Falmouth in the eighteenth and early nineteenth centuries,
had been a very flourishing community, playing a full part in the affairs of the town. Amongst the leading Jews was Jacob Jacob;
his son, Moses Jacob, who presided over the Congregation from 1853 until 1860, used to pay an annual visit to London, where he never
failed to call on the Chief Rabbi - at whose election in 1844 Falmouth had been represented on the Committee of
Delegates1.
- when Dr. Adler would welcome him as representing one of the few Congregations which never had disputes to bring before him.

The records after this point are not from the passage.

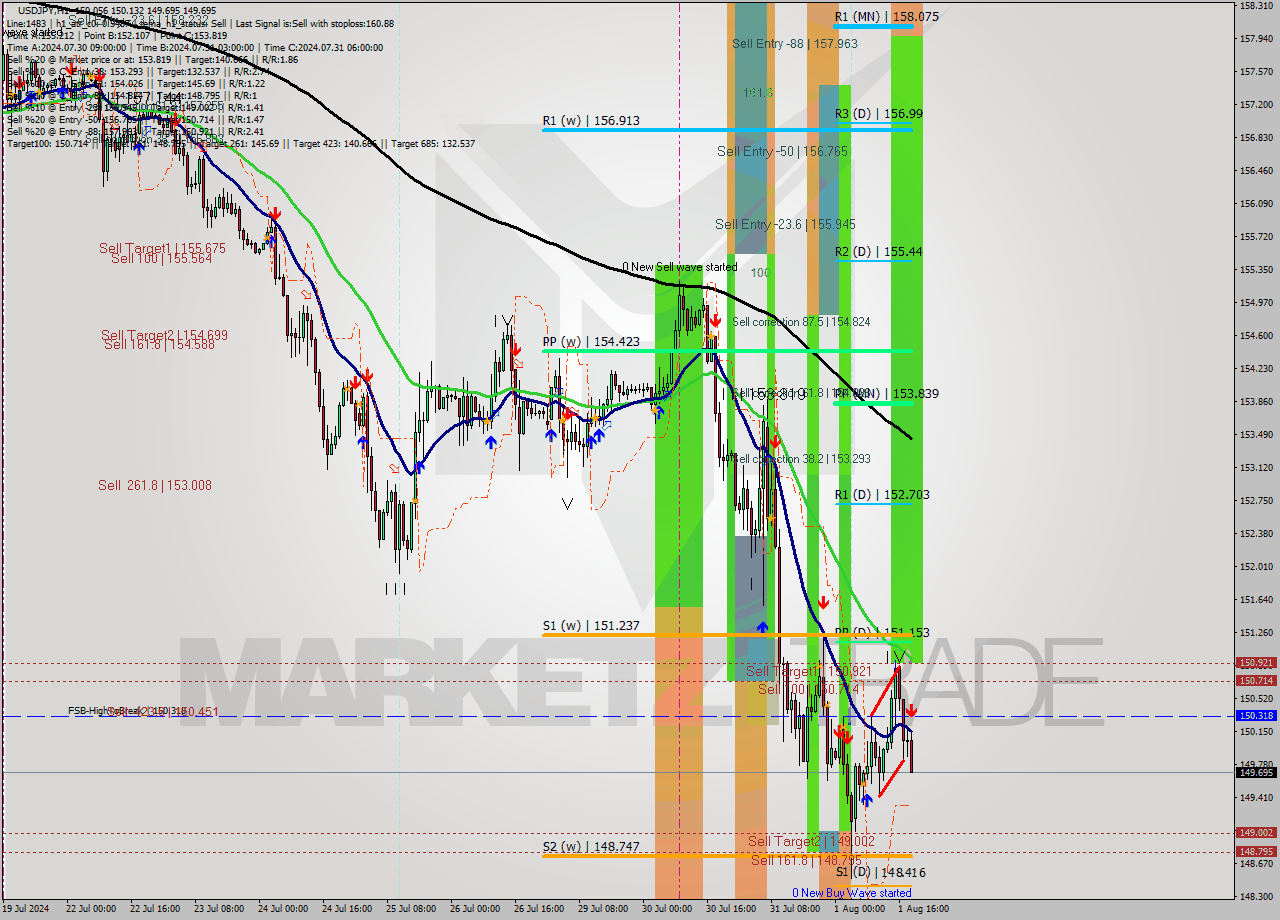 USDJPY MultiTimeframe analysis at date 2024.08.01 19:39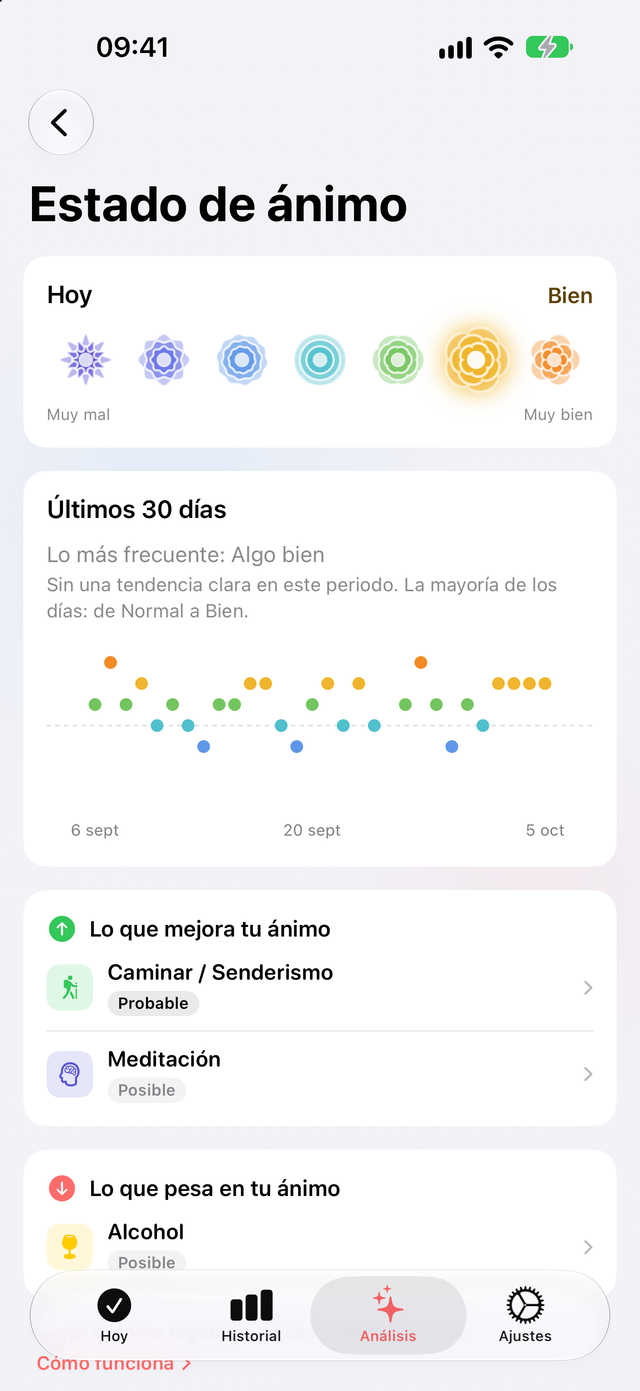 Página Ánimo de Trace Salud: un mes de estados de ánimo y lo que mejora tu ánimo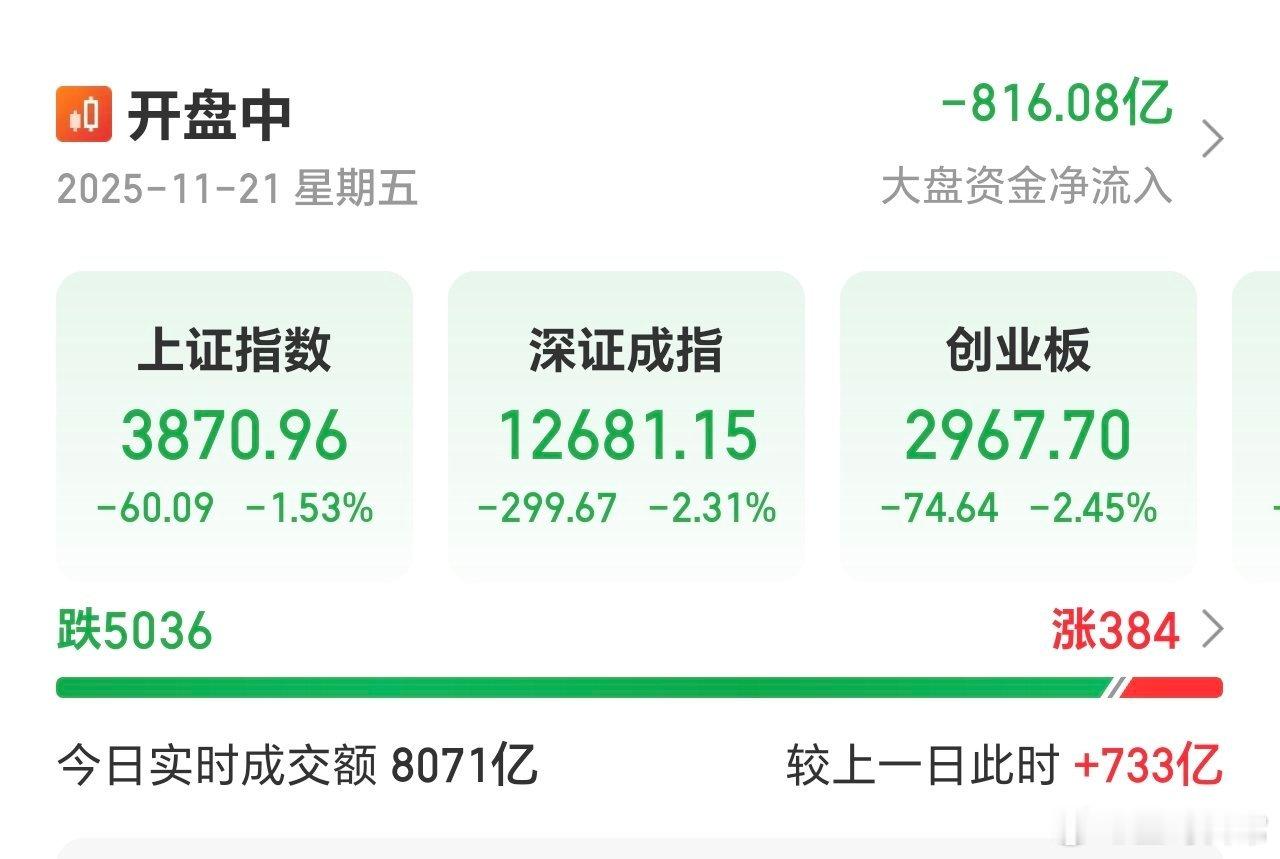 仅5000多家待涨，高达387只红盘。好多人在减仓了，放量超700亿，很多散户说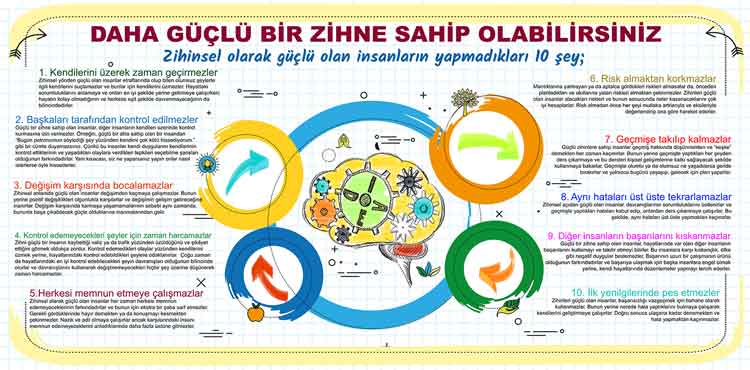 Daha Güçlü Bir Zihin İçin Okul Posteri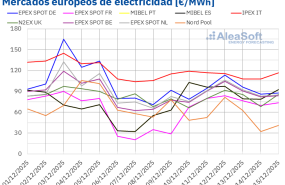 20251215 aleasoft precios mercados europeos electricidad 20251215 aleasoft precios mercados europeos electricidad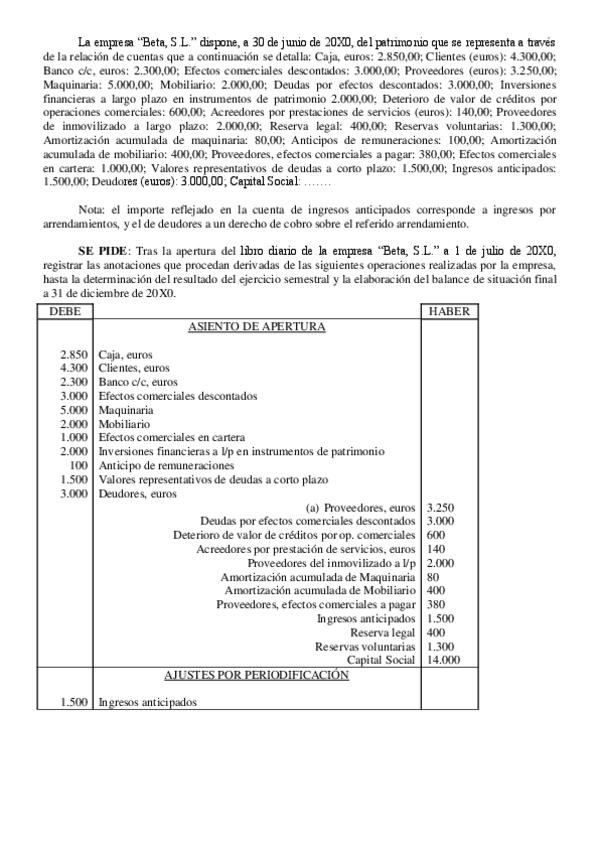 Miniatura del documento SUPUESTO-2.pdf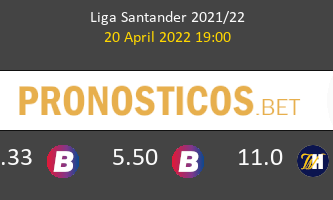 Atlético de Madrid vs Granada Pronostico (20 Abr 2022) 1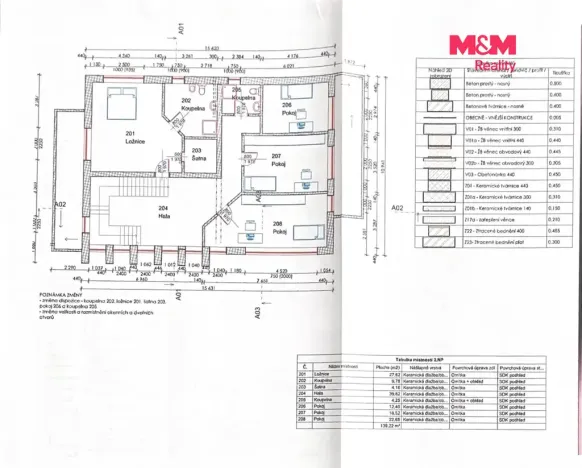 Prodej rodinného domu, Jirny, Modřínová, 400 m2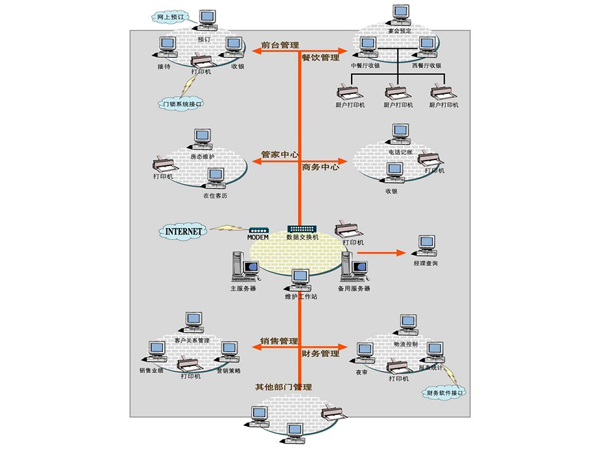 软体示意图 软体示意图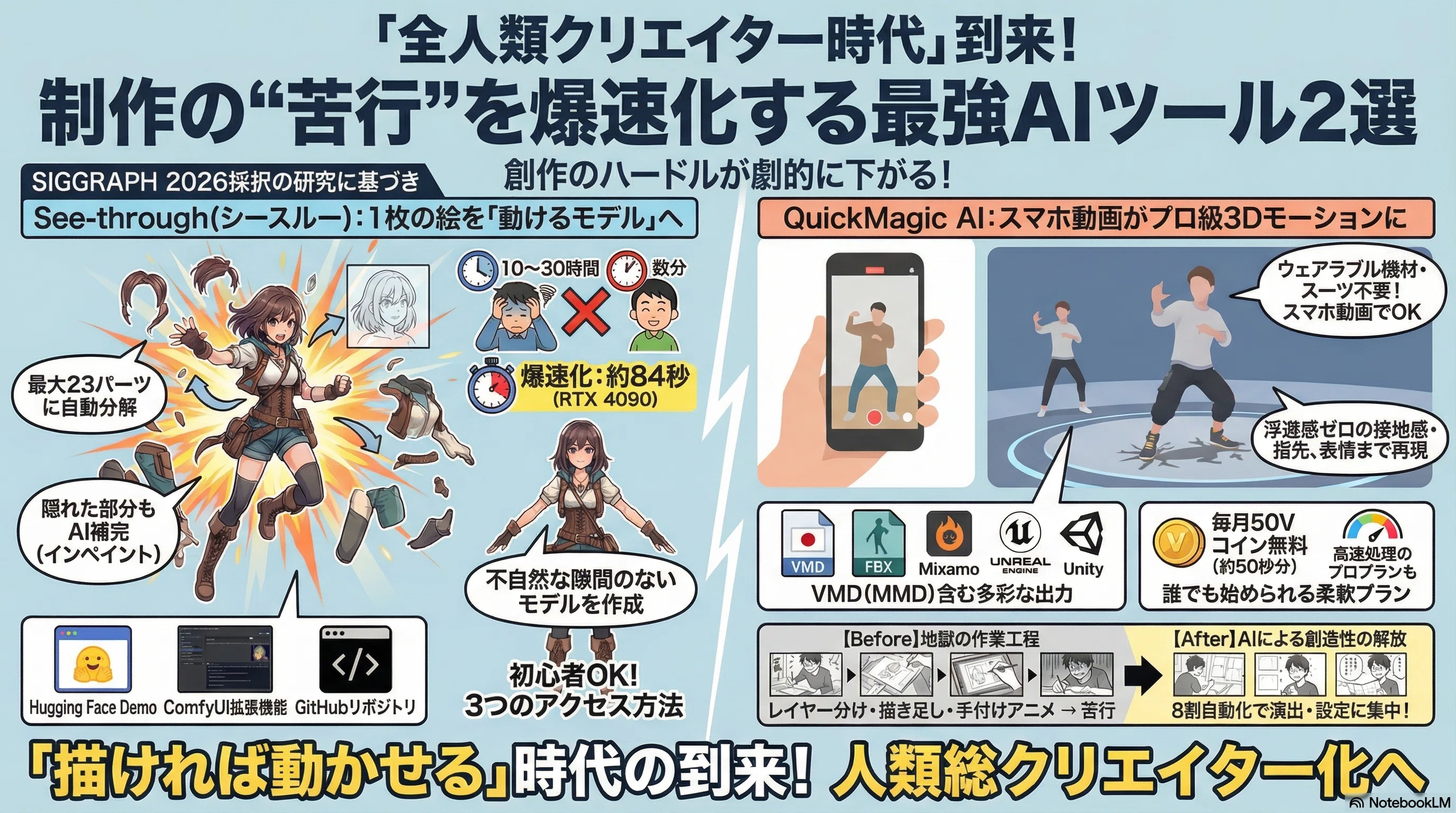 See-throughとQuickMagic AI：→ プロ並みのレイヤー分け済みPSDする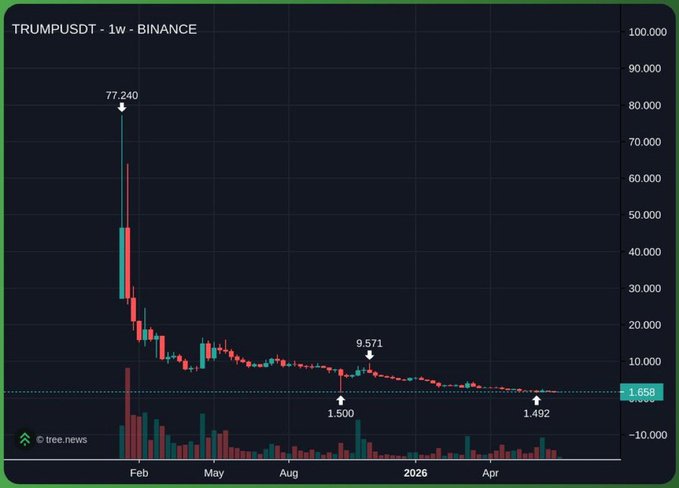 A weekly TRUMPUSDT chart on Binance shows the token's dramatic crash from an all-time high of $77.240 in February to just $1.658, with notable lows marked at $1.500 and $1.492, illustrating the ~99.99% decline referenced in the post about Trump's memecoin earnings.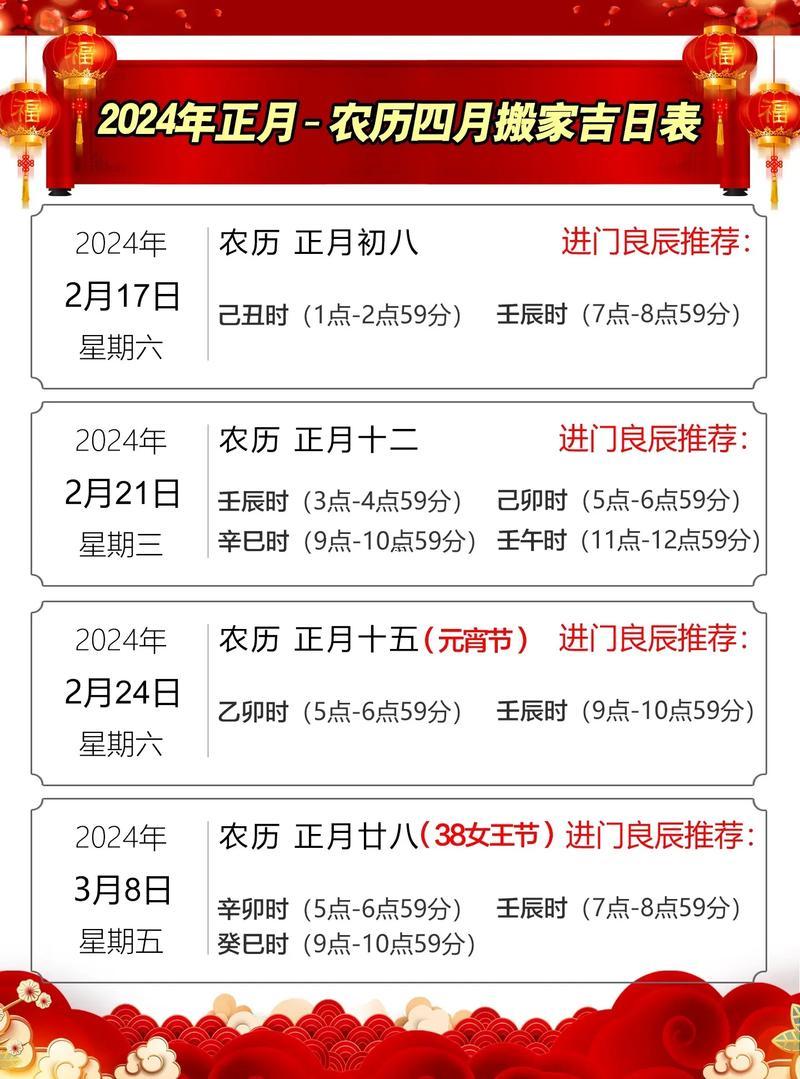 陰歷二月二能搬家嗎吉日
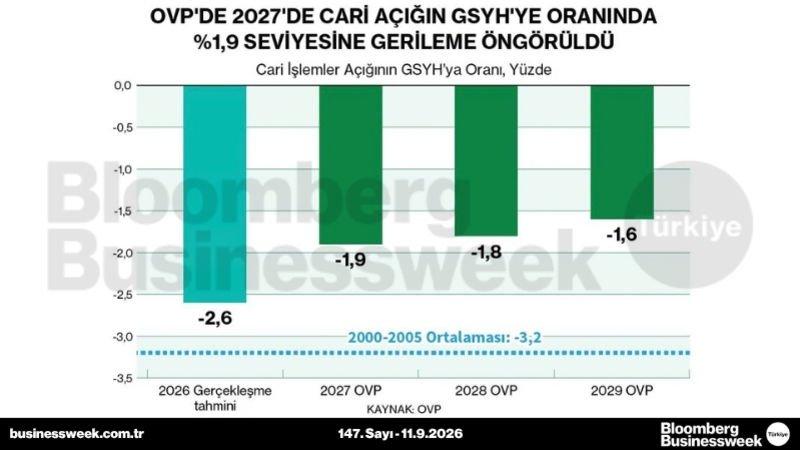 OVP'de 2027'de cari açığın GSYH'ye oranında %1,9 seviyesine gerileme öngörüldü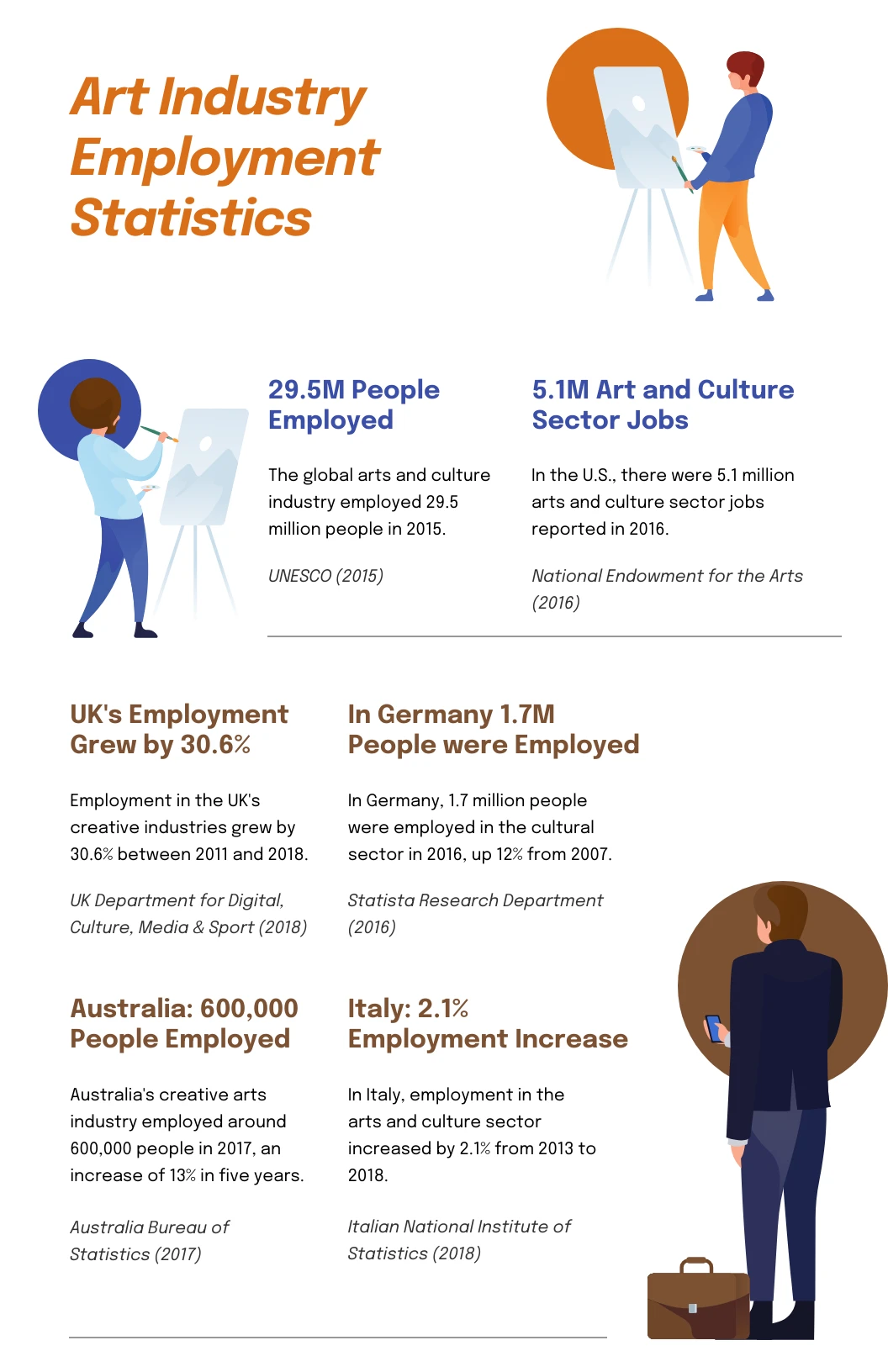 Art Industry Employment Statistics Infographic Template Venngage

Towards the middle of the nineteenth century, Falmouth's
importance began to dwindle. As early as 1836 the port had sent a
delegation, headed by its Mayor, to London in consequence of a rumour that the
Post Office was to withdraw its packet service, and in 1850 this withdrawal took
place; in 1857 a telegraph service was installed so that it was no longer
necessary for shipping to wait in the harbour for instructions (whose receipt
might take a week or more) from London. Falmouth was rapidly becoming less
isolated. Until 1863, the quickest route to London and other parts of the
country had been by boat to Plymouth, whence the railway ran; in that year,
however, a railway was built from Truro and the improved communications resulted
in a fairly rapid exodus of the local Jews who moved to Bristol, Birmingham,
Plymouth and London. Departures such as these brought a swift decline to
the always small community at Falmouth. When The Jewish Chronicle,
in the first year of its existence, surveyed provincial Jewry, the Falmouth
Community was still, in 1842, a flourishing one of some fourteen families -
which, bearing in mind the size of the Victorian household, must have
represented at least seventy or eighty individuals; within thirty-five years,
this number had shrunk to three families,2. services were no longer
regularly held, the Community had ceased to enjoy the presence of a minister,
and from 1854 onwards it was necessary to have recourse to Penzance - itself by
now a dwindling Community - for supplies of Kosher
meat.3.
Apart from a burial in 1913,4.
the end came in 1880
with the departure for London of Samuel Jacob, whose family had been the
mainstay of the Congregation during four generations.